#### PROBLEM DESCRIPTION:
Return, without pictures, the lines from the start of the data through the one that contains "Eragrostis variabilis - Photo".

#### GIVEN RECORDS:

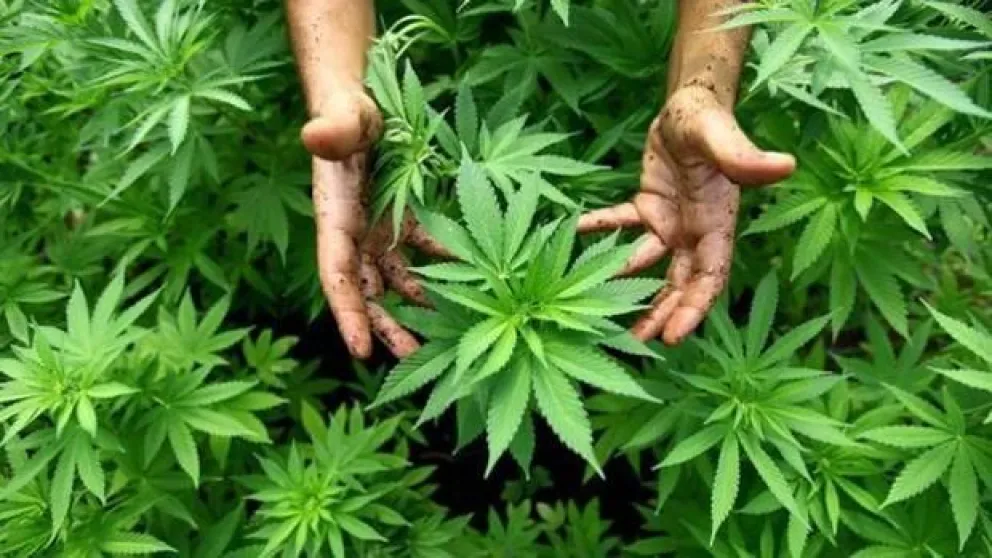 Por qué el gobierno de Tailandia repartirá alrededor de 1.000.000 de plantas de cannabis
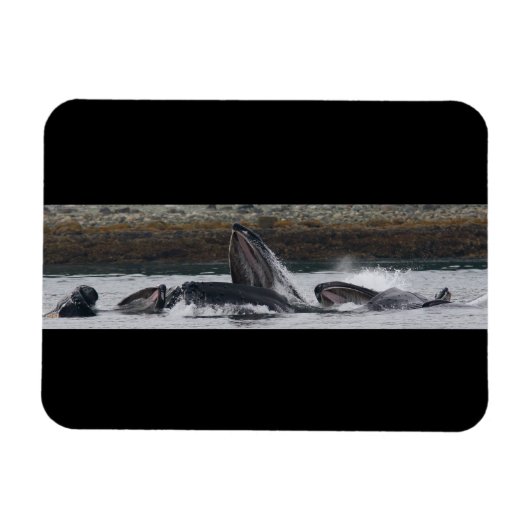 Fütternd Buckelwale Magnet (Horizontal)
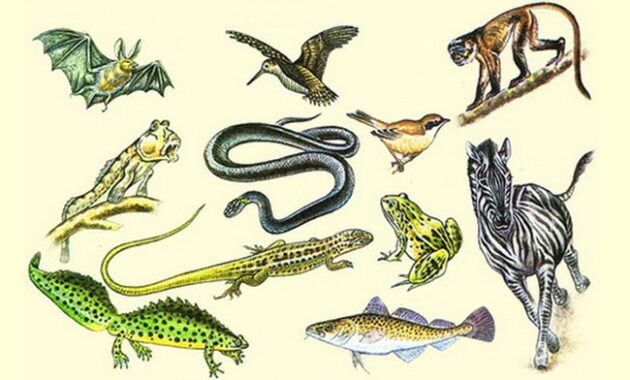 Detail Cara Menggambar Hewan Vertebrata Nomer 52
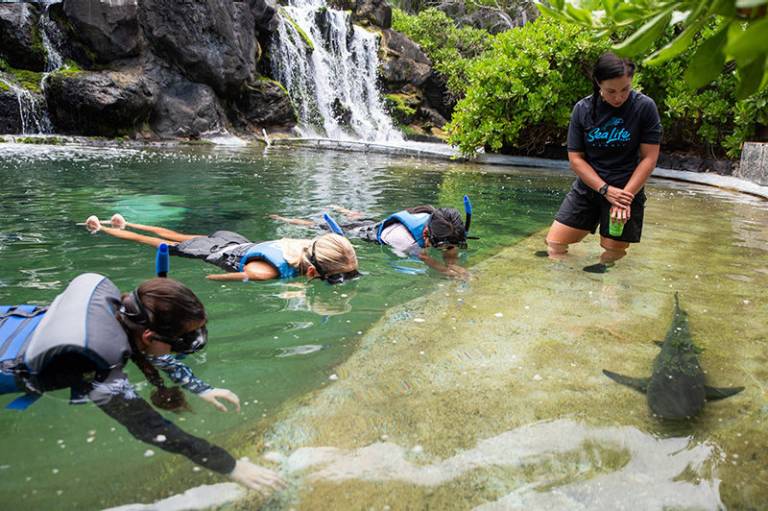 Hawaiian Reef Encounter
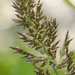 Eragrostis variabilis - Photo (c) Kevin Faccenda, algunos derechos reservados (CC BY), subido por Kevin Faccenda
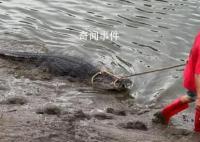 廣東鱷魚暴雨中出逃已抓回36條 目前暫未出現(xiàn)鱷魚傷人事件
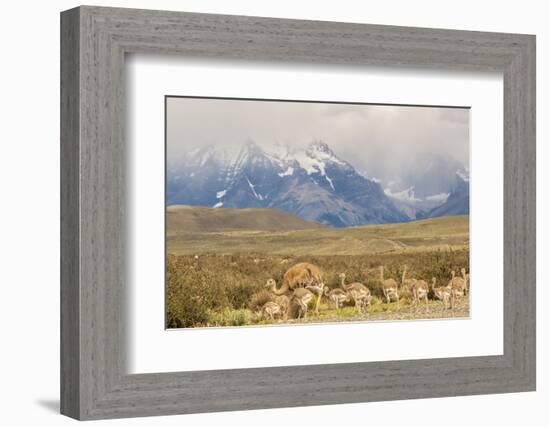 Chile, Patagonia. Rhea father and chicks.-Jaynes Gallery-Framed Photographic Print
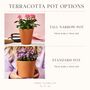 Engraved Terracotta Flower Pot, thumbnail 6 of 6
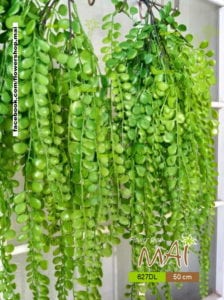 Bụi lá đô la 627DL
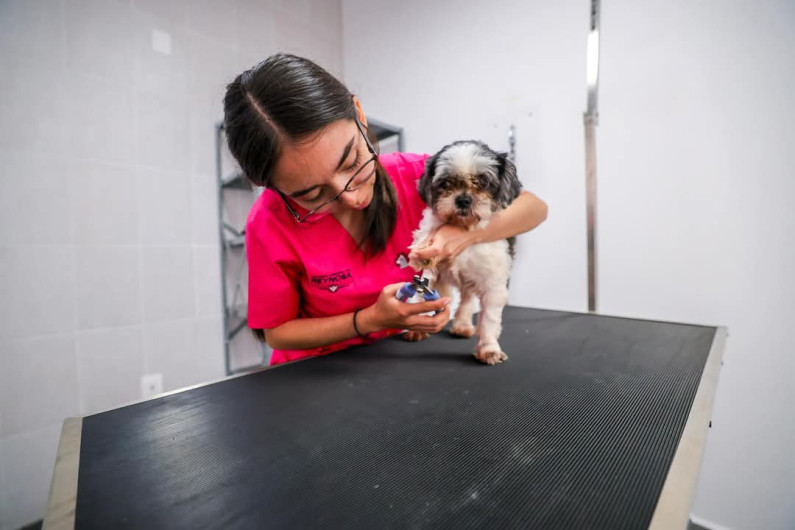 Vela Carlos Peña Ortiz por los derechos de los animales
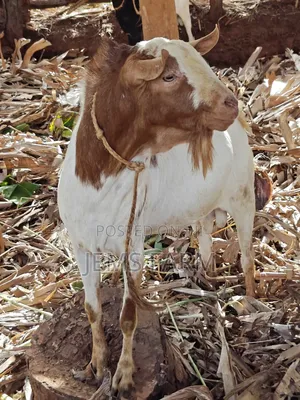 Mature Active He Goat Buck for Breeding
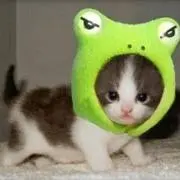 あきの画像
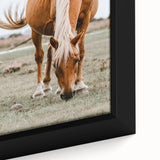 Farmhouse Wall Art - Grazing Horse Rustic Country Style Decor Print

#### SOLUTION TO THIS TASK:
 Por qué el gobierno de Tailandia repartirá alrededor de 1.000.000 de plantas de cannabis
 Fütternd Buckelwale Magnet (Horizontal)
 Detail Cara Menggambar Hewan Vertebrata Nomer 52
 Hawaiian Reef Encounter
 Eragrostis variabilis - Photo (c) Kevin Faccenda, algunos derechos reservados (CC BY), subido por Kevin Faccenda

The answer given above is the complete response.